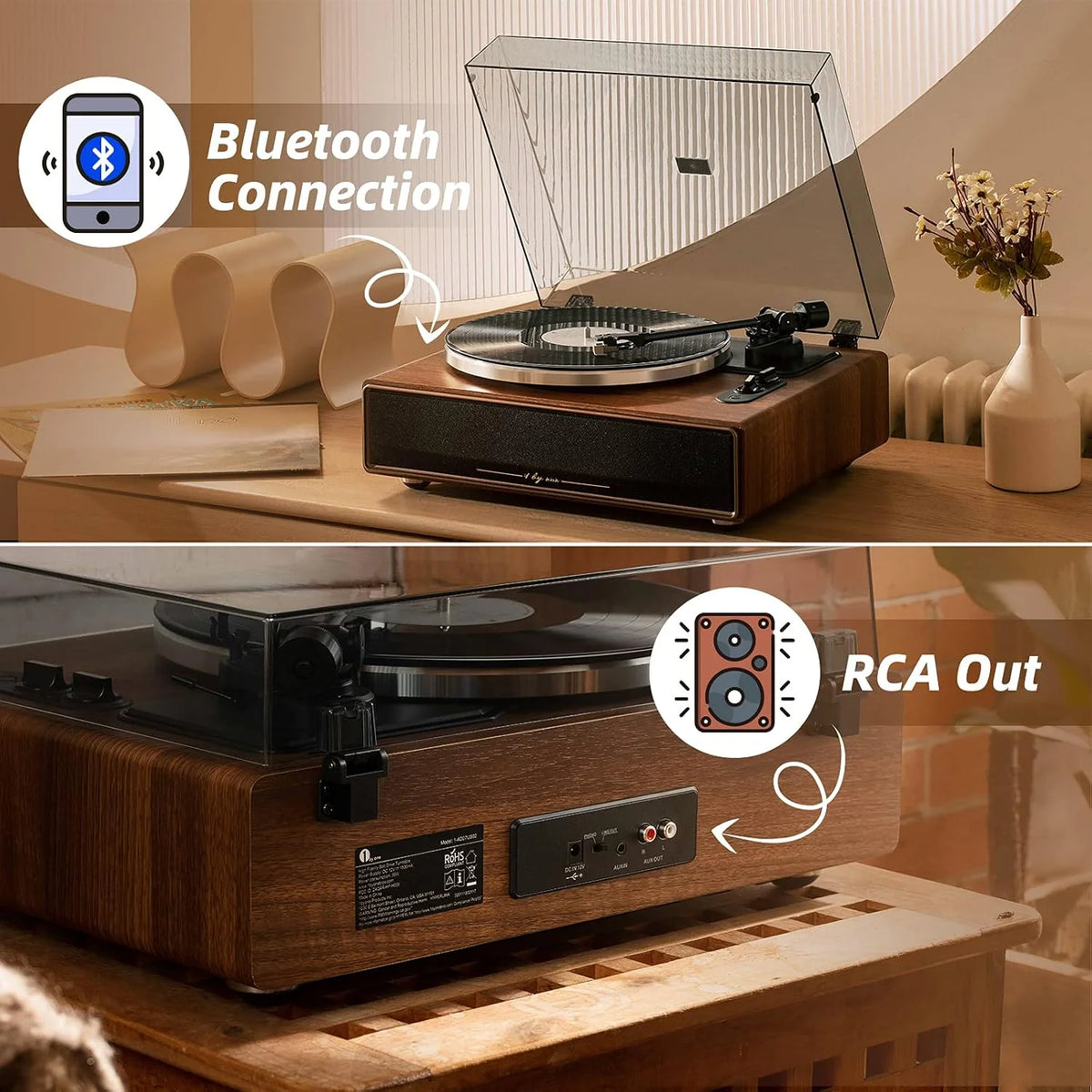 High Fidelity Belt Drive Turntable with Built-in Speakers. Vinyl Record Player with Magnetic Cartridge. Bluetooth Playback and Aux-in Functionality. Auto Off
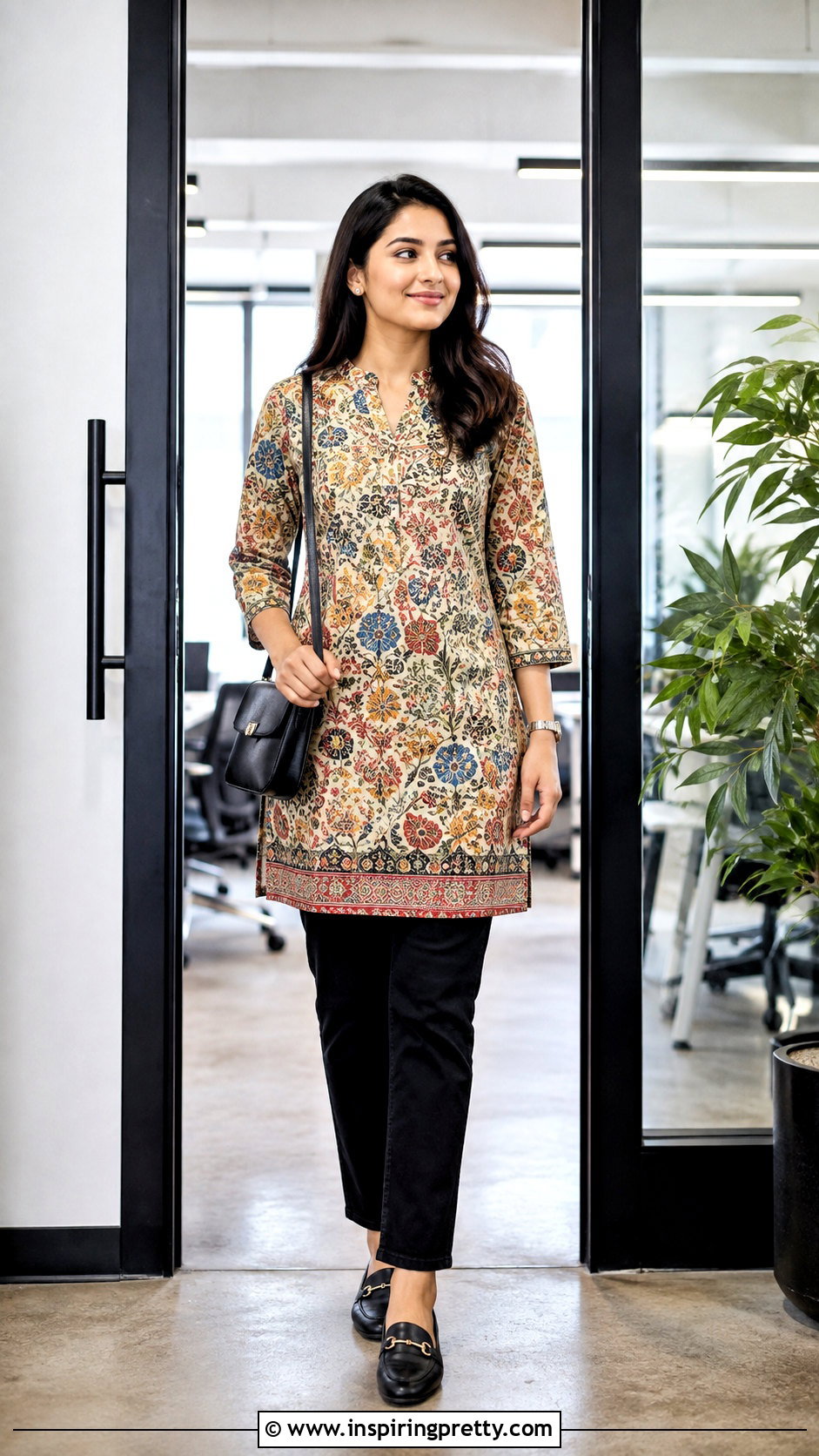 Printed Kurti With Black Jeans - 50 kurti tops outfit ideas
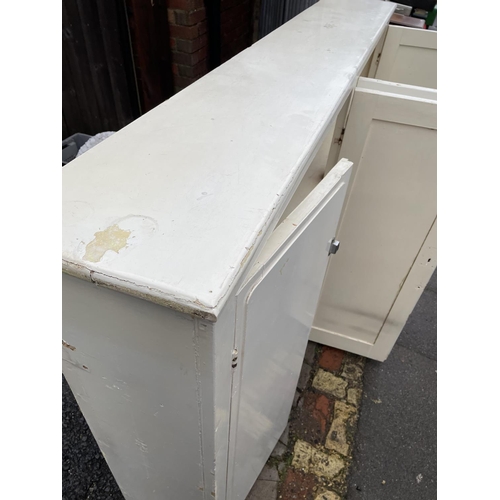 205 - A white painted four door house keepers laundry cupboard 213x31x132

YOUR GOAL
What is needed is the full material, retyped unchanged, with no pictures in it.

ANSWER TO THE PROBLEM
 High Fidelity Belt Drive Turntable with Built-in Speakers. Vinyl Record Player with Magnetic Cartridge. Bluetooth Playback and Aux-in Functionality. Auto Off
 Printed Kurti With Black Jeans - 50 kurti tops outfit ideas
 205 - A white painted four door house keepers laundry cupboard 213x31x132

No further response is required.